Bangladesh Bank (BB) has given three months' forced leave to six managing directors of as many banks, including Syed Waseque Md Ali of First Security Islami Bank, due to alleged negligence and irregularities associated with the S Alam Group.
The Shariah based banks are First Security Islami Bank, Exim Bank, Union Bank Limited, Global Islami Bank PLC, Social Islami Bank Limited and ICB Islami Bank Limited.
This decision, ratified during a recent taskforce review, underscores the central bank's commitment to enforcing accountability and enhancing good governance in banking sector.
To ensure a thorough evaluation during this period, Bangladesh Bank has engaged two prominent international audit firms-KPMG and Ernst & Young (EY)-to conduct an Asset Quality Review (AQR) of the banks.

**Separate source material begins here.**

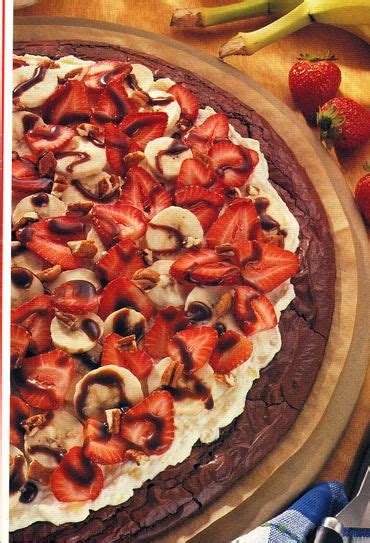 Brownie Pizza Photo From Pampered Chef Pampered Chef Recipes Pampered Chef Desserts Pampered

Based in Amsterdam, the Netherlands, KPMG, acronym for Klynveld Peat Marwick Goerdeler, began functioning after 1987 merger.
Ernst & Young, better known as EY, was established in 1989 through the merger of Ernst & Whinney and Arthur Young & Co., with its headquarters in London, the United Kingdom.
The forced leave for Syed Waseque Md Ali, effective January 5, follows his alleged involvement in irregular loan disbursements to the S Alam Group during Awami League rule.
In his absence, Additional Managing Director Abu Reza Mohammad Yahia will serve as Acting MD. This action was prompted by findings of a special audit committee within the bank, which identified negligence in loan processing and recommended his temporary removal for a more in-depth investigation.
The Asset Quality Review (AQR) and forced leave was given to Managing Directors of five other banks over their questionable appointments during Awami League rule.
These measures, taken to restore confidence on banks generated mixed reactions.
Former Association of Bankers Bangladesh (ABB) Chairman Anis A Khan expressed reservations, suggesting that such action should ideally be preceded by internal audits to avoid prematurely tarnishing the careers of senior bankers and signaling instability within the sector.
As the AQR proceeds, stakeholders are keenly awaiting the outcomes of the internal audits and the assessments by KPMG and EY. Should negligence be confirmed, further disciplinary measures are anticipated. Bangladesh Bank's decisive actions highlight its dedication to governance reforms, emphasising the delicate balance required to maintain stability and trust on the banking industry.